Canada ranks 13th on average wealth but beats Switzerland on the median: report

A record millionaire count masks how unevenly the world's wealth still sits

Canada ranks 13th on average wealth but beats Switzerland on the median: report

Canada holds 13th place among 56 markets for average personal wealth per adult, at US$399,886, yet climbs to seventh when wealth is measured by the median. 

That gap points to a flatter spread of wealth than several higher-ranked peers show.  

On the median yardstick, which marks the midpoint of the population, Canada records US$147,811, placing it ahead of Switzerland and Norway.  

Switzerland tops the average ranking at US$910,382 but falls to eighth on the median, the report found, while the United States sits second on average at US$696,277 and drops to 28th on the median.  

The 2026 UBS Global Wealth Report noted that each market carries a different distribution, so a country can look wealthier or poorer depending on which slice of the adult population is in view. 

Globally, personal wealth rose 10.8 percent in 2025 in US-dollar terms, CTV News reported, more than double the 4.6 percent recorded in 2024 and the 4.2 percent in 2023. 

According to UBS estimates, nearly 1m people became US-dollar millionaires last year, the equivalent of about 2,600 a day. 

The United States accounted for almost half of that growth, adding more than 440,000 individuals, or over 1,200 a day. 

Wealth growth ran strongest in Europe, the Middle East and Africa at 17.5 percent, helped by a weaker dollar, CTV News reported, followed by the Americas at 8.5 percent and Asia-Pacific at 5.9 percent.  

North America led all regions at roughly US$660,000 per adult, BNN Bloomberg reported, ahead of Australia and New Zealand at US$590,000 and Western Europe at US$330,000. 

"More people moving up the wealth ladder" was the real story of the year, the report said, framing it as continued expansion rather than concentration alone.  

The gains reflected a world that kept building wealth and extending a long-running upward trend, it added. 

For advisors weighing what those headline figures mean for clients, UBS flagged a caveat: reaching millionaire status does not equal holding US$1m in cash.  

Owner-occupied property represents the single biggest asset for most people up to millionaire level, per the report, so rising home values alone have pushed many into the millionaire bracket without lifting disposable income.  

Household debt also picked up in 2025 after shrinking the prior year, the report said, rising at its fastest pace since 2017. 

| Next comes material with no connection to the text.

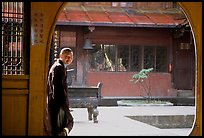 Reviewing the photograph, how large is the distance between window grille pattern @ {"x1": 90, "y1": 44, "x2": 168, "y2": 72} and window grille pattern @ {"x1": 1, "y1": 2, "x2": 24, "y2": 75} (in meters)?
10.2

The distribution across the full sample remained lopsided.  

Some 42 percent of adults hold assets worth less than US$10,000, according to the report, while 41 percent hold US$10,000 to US$100,000, 15.3 percent hold US$100,000 to US$1m, and 1.5 percent hold more than US$1m.  

The United States and mainland China together still account for over half of global personal wealth. 

At the top, UBS counted 3,302 billionaires as of April across 47 markets, an increase of 383, or 13.1 percent, on its last report.  

More than 1,000 live in the United States, with 562 in China and 211 in India.  

"We count 18 individuals with wealth situated between US$50 and US$100bn and a further 19 with assets above US$100bn, 15 of which are based in the United States," UBS said.